I have been tyring to figure out (from studying the AMD64 manuals) how to simply load 1 to 16 contiguous bytes of memory into an XMM register (starting with the first byte of the register). The remaining bytes of the XMM register would remain unchanged. Out of the plethora of instructions for this architecture, so far I haven't found any instructions that seem to be able to do this rather straight-forward operation. Can anyone help?
In order to use MASKMOVDQU to store the bytes you have to set up a mask in another xmm register which is also problematic. Seems the only reason to even use the xmm registers at all is for speed. But when you end up having to write so much code to do a simple thing, it might not run any faster than scalar code which defeats the purpose of using vector registers in the first place.
The ideal instruction I would need to make a mask would be to specify a 16-bit register where each bit corresponds to a byte in the mask register. If each bit in a source gp register (such as BX) were sign-extended to make the byte in the corresponding mask register then it would be very efficient. I can't find such an instruction though. SSE doesn't seem to be very well thought out. Something I read compared PPC AltiVec to X86 SSE and the the consensus is that AltiVec was much better planned out.

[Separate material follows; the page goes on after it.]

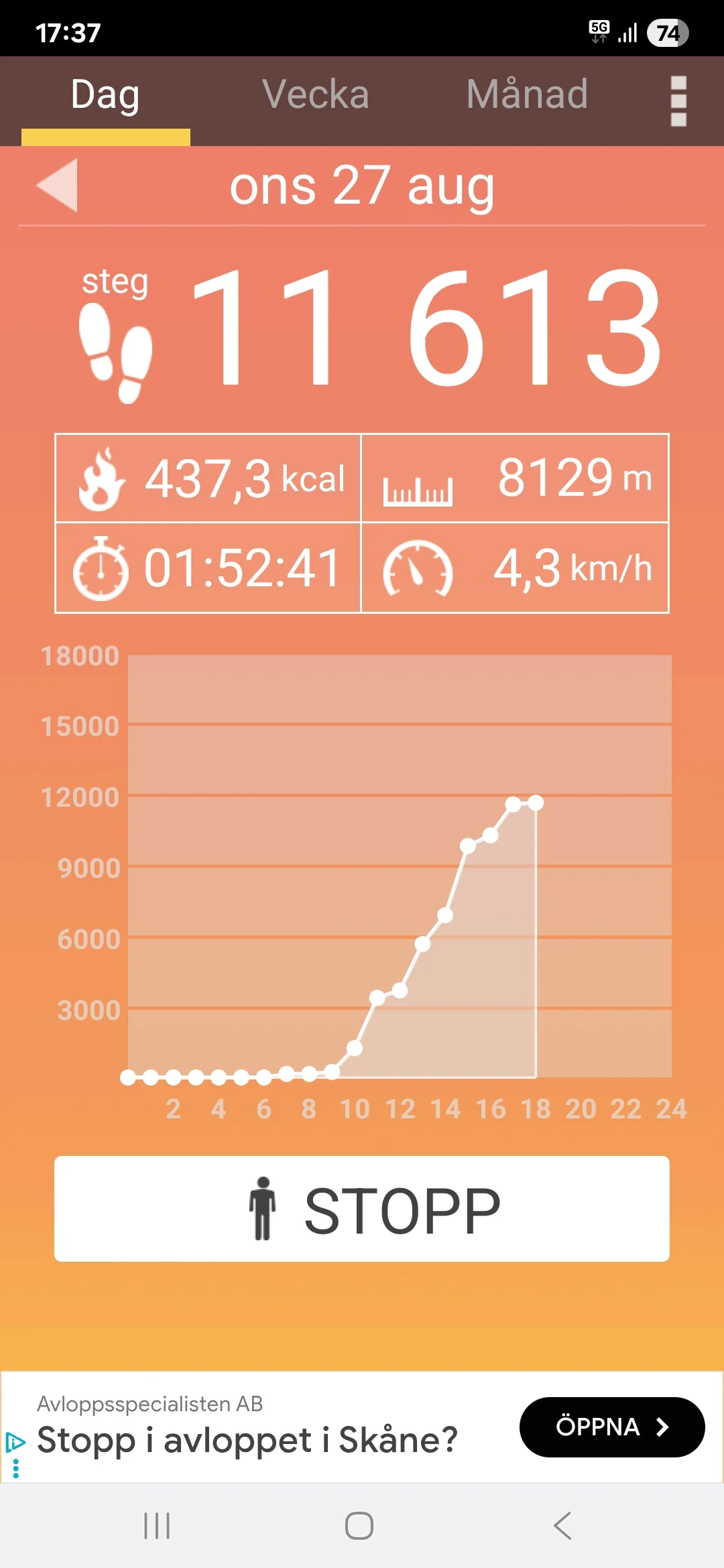 Screenshot_20250827_173758_Pedometer.webp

A less than ideal workaround would be to have a 32-byte table where the first 16 bytes are $FF and the last 16 bytes are $00. Depending how many contiguous bytes you want to store you would index into the table at the right place to load the mask. Of course this means that MASKMOVDQA would be useless since the only alligned values would be all 0's or all 1's (depending on the alignment of the table itself). But having to load 16 bytes in order to store 16 bytes makes me very unimpressed with SSE and the other XMM extensions.